Dataset content:
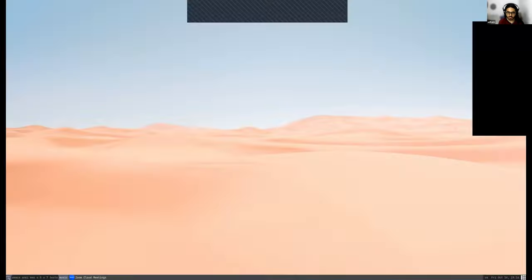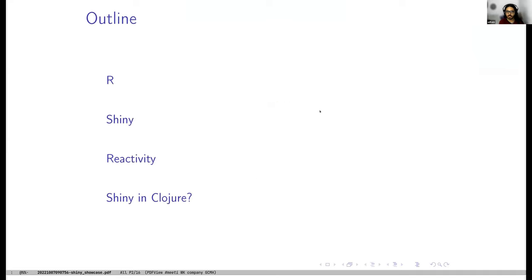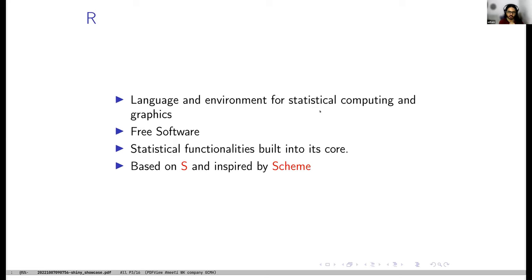Let me get the screen sharing going. Can you all see the big beamer? I'll be doing a showcase of Shiny, which is an R package. I'll mainly talk about the concepts behind Shiny and share the experience of using it in a real-world project. Shiny works in R — a language for statistical computing and graphics. It's free and open source with a lot of statistical functionality built in. R is used by statisticians; you can quickly start working with data in CSV format and build plots. The language is easy to read, based on S and inspired by Scheme.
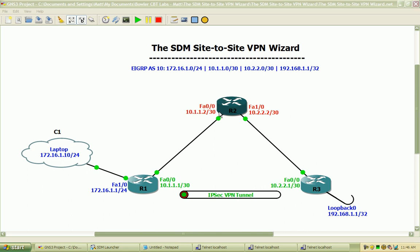Hi, my name is Matt Bowler and in this lab we will be taking a look at the Cisco SDM and the VPN wizard within the SDM.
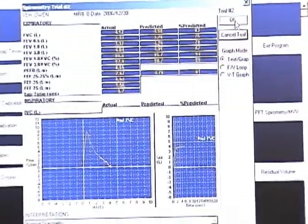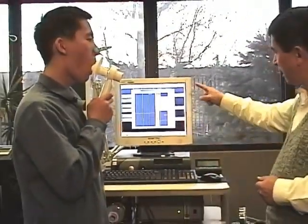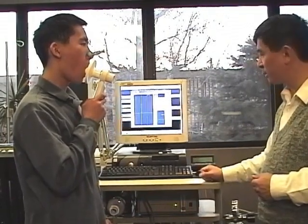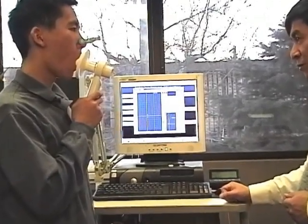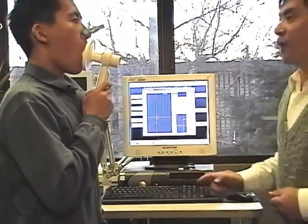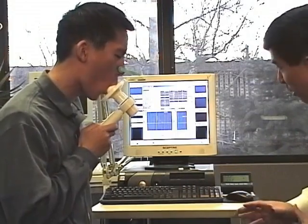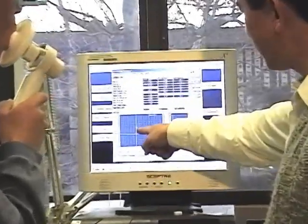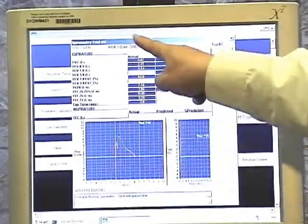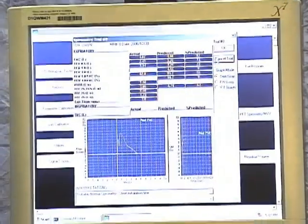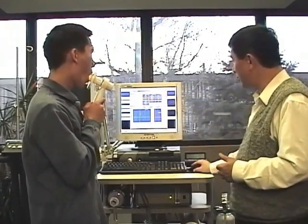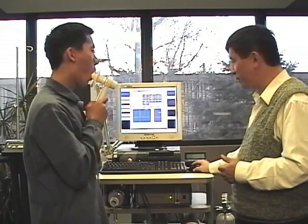For the third trial, take the device again and you'll see the preview screen. After one or two regular breaths, click Start Trial, then inhale big and hold. Exhale as fast as you can — keep going. It didn't go quite successfully. The waveform seems to have a dent where we'd usually see a peak. The exhalation is also a little short, so we'll cancel this trial and do it one more time.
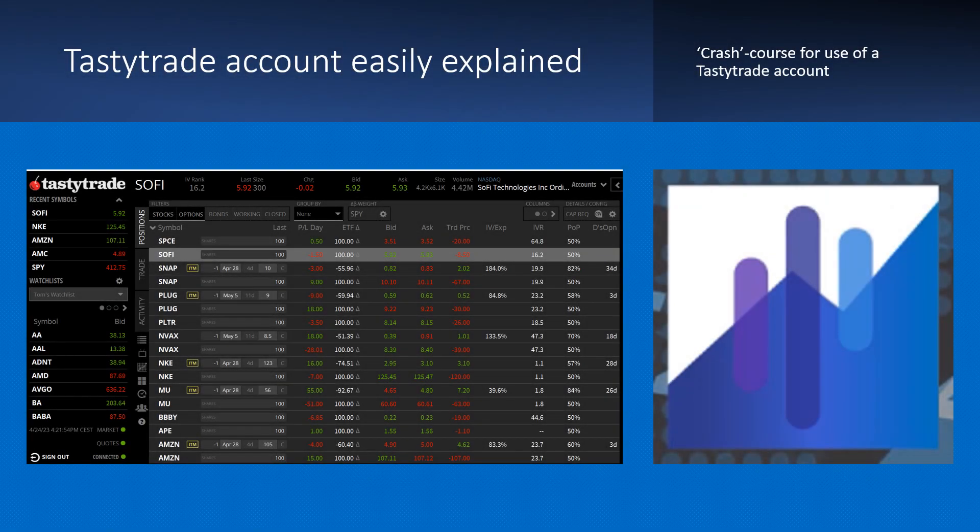Hello, I'm Mark and today in this short video I will explain the TastyTrade account. You will see it's very easy to place an order and I'll give you some more advice. Have fun!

Task item: Would you please copy the listing exactly, omitting every picture?

Solution to the exercise:
Let me get the screen sharing going. Can you all see the big beamer? I'll be doing a showcase of Shiny, which is an R package. I'll mainly talk about the concepts behind Shiny and share the experience of using it in a real-world project. Shiny works in R — a language for statistical computing and graphics. It's free and open source with a lot of statistical functionality built in. R is used by statisticians; you can quickly start working with data in CSV format and build plots. The language is easy to read, based on S and inspired by Scheme.
Hi, my name is Matt Bowler and in this lab we will be taking a look at the Cisco SDM and the VPN wizard within the SDM.
For the third trial, take the device again and you'll see the preview screen. After one or two regular breaths, click Start Trial, then inhale big and hold. Exhale as fast as you can — keep going. It didn't go quite successfully. The waveform seems to have a dent where we'd usually see a peak. The exhalation is also a little short, so we'll cancel this trial and do it one more time.
Hello, I'm Mark and today in this short video I will explain the TastyTrade account. You will see it's very easy to place an order and I'll give you some more advice. Have fun!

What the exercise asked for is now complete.